We can’t remember such an effect being used on the show before. It’s been seen once or twice at Eurovision (most obviously in the Swedish 2008 performance) but when it has, only for the first first verse, so that the return to a normal palette creates a visual moment. Anton got no such respite.
What was the overall impact of the filtering? You could argue the effect was designed to strip away any warmth he could convey through performance. There was a visual coldness, and a detachment created by the isolation of Anton’s blue jacket. We felt it was polar opposite of the golden glow of winner’s staging.
If week 2 had set him up to make him look ridiculous, the aplomb with which Anton threw himself into the task still had a warmth about it, as did the ridiculous staging with plenty of warm colours. Last Saturday, his emotional connection to the audience was completely drained away by the lighting.
Lauren vs Louisa
Just what was going on with Lauren this week? Initial reports that she’d be given ‘Licence To Kill’, which did for Craig Colton, suggested the start of a deramping for Louisa’s benefit after last week’s pimp slot performance. Instead, she was sent out in the penultimate slot with last-minute replacement, Ariana Grande’s ‘One Last Time’, an excellent, contemporary song with a strong emotional connection that hasn’t been overheard in these competitions – unlike say, Anton’s ‘I Have Nothing’.
Meanwhile, golden girl Louisa was sent out third with the Romeo + Juliet, John Lewis-ed version of ‘Everybody’s Free’. The thought of a running order switch did cross my mind, given that Monica followed Louisa with the other “I’ve had to change my song” storyline. But it felt logical to put the show’s most hyped act after one target (Max) and before another. So perhaps not.
Still, having been surprised at Lauren’s inclusion in the live shows because she’s got a big voice like apparent Plan A Louisa, and a warm, relatable persona that could see her preferred among voters – here she was in week 3 continuing to steal the limelight over her now only remaining rival in the same category.

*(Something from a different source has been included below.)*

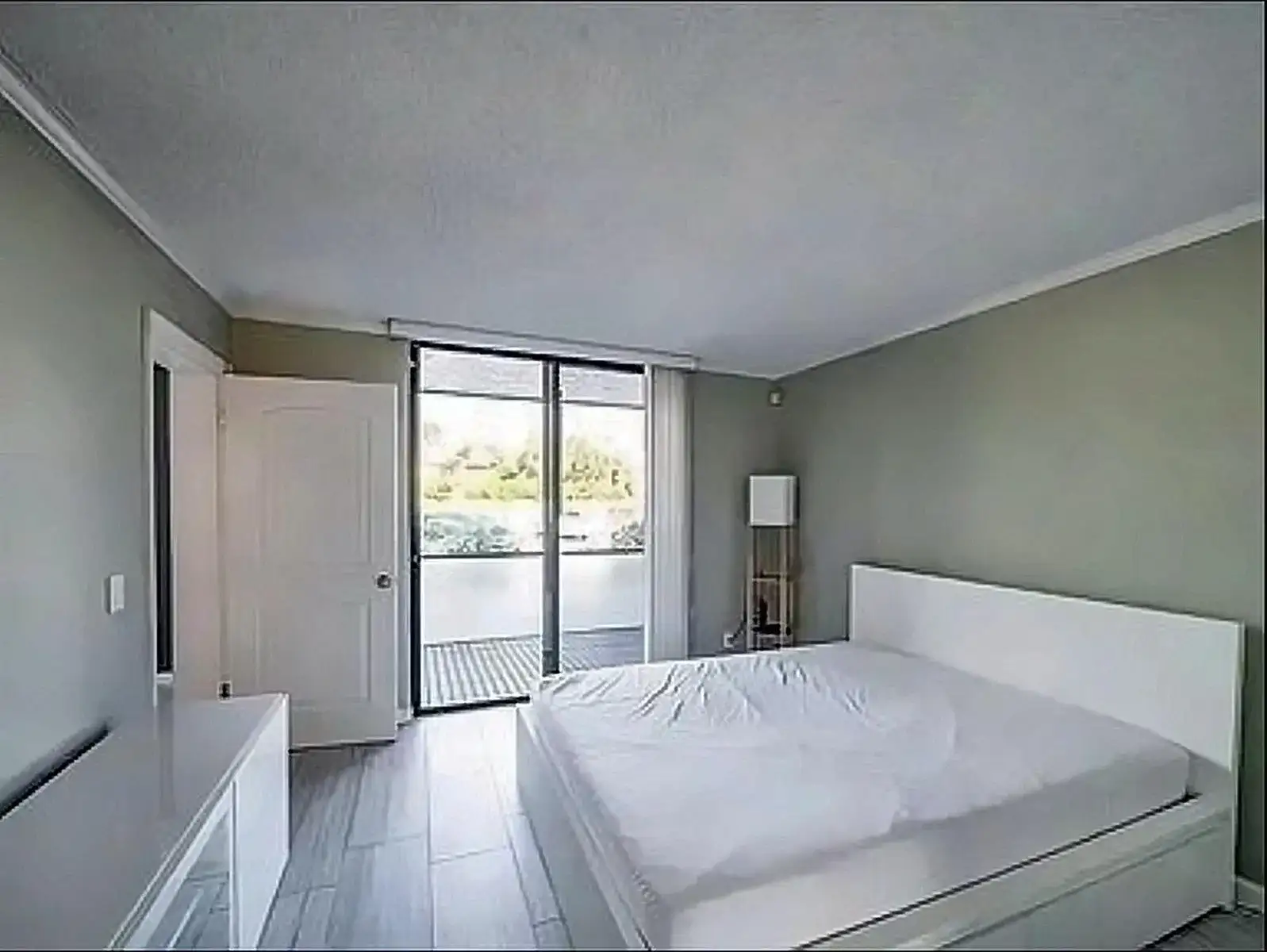 708 EXECUTIVE CENTER Drive # 12, West Palm Beach FL 33401 photo 4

Compare their respective homecoming VTs: Louisa promises to work hard before in fact returning to slouch on her Mum’s sofa, where they watch a recording of her theatre school attempt at Leona Lewis, aged 8; Lauren returns to a hero’s welcome throughout her home town, where we see her being popular and warm with a wide range of people.
There were clearly supposed to be plenty of positives for Louisa this week. Again, there was her implied contribution to the creative process, she looked stunning in angelic white, and the judges went overboard in their praise. When Louisa’s tears arrived, the camera provided a lingering close-up, and Rita later joined the pity party.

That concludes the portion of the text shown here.